§ **Material provided**
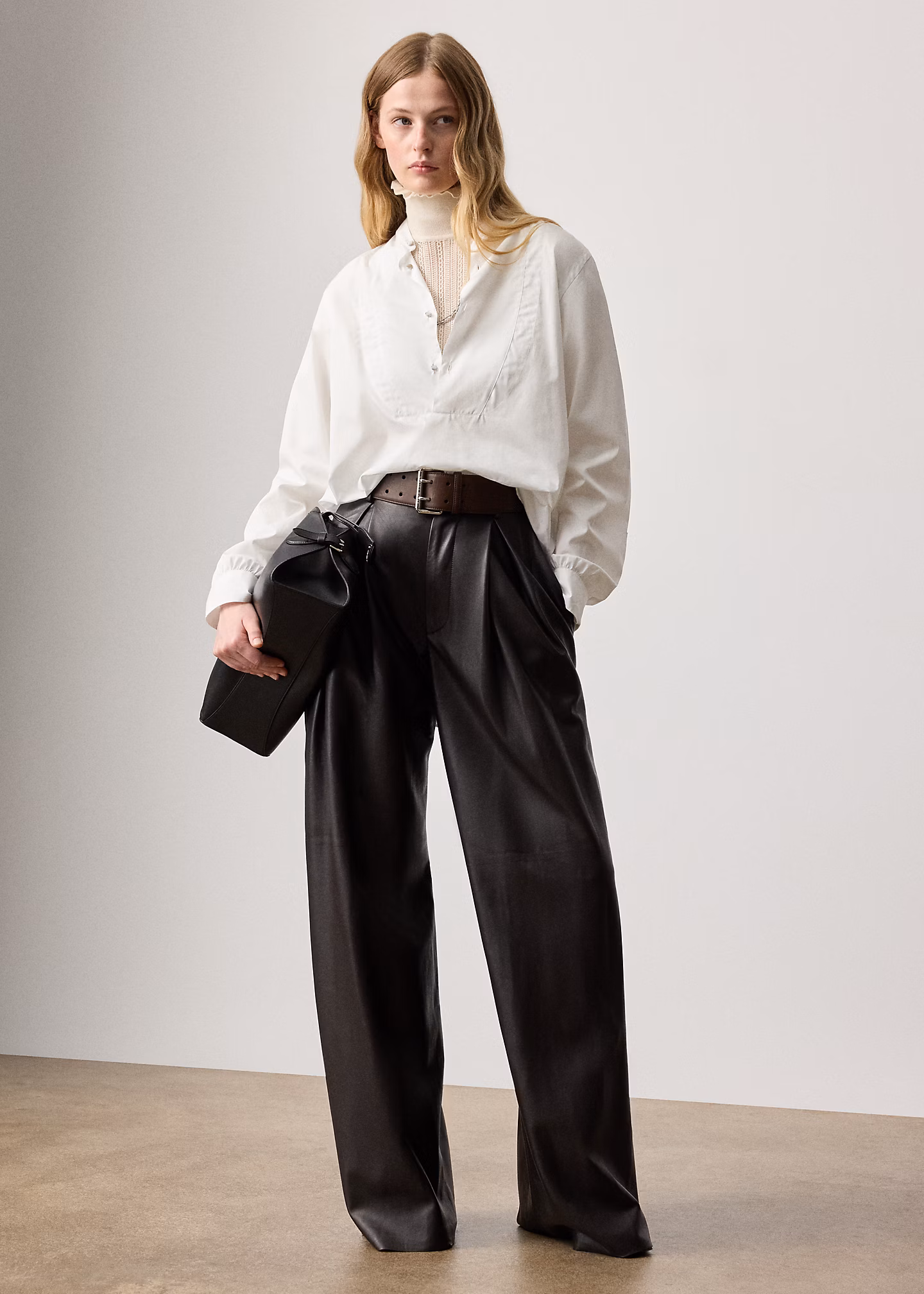 Hose Kelsie aus Lammleder - RALPH LAUREN OUTLET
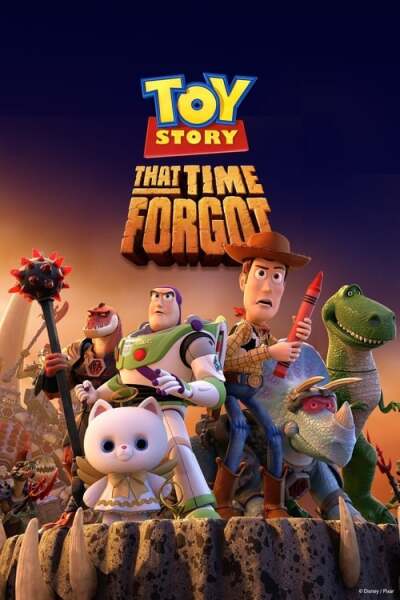 Toy Story That Time Forgot animación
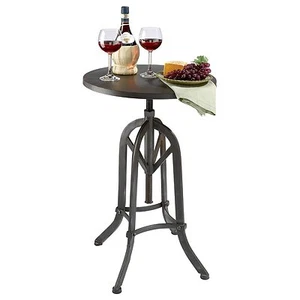 MH35331 - "Industrial Revolution" Adjustable Height Side Table - Picture 1 of 4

§ **To do**
Copy the lines above exactly. Do not include pictures.

§ **Exercise solution**
 Hose Kelsie aus Lammleder - RALPH LAUREN OUTLET
 Toy Story That Time Forgot animación
 MH35331 - "Industrial Revolution" Adjustable Height Side Table - Picture 1 of 4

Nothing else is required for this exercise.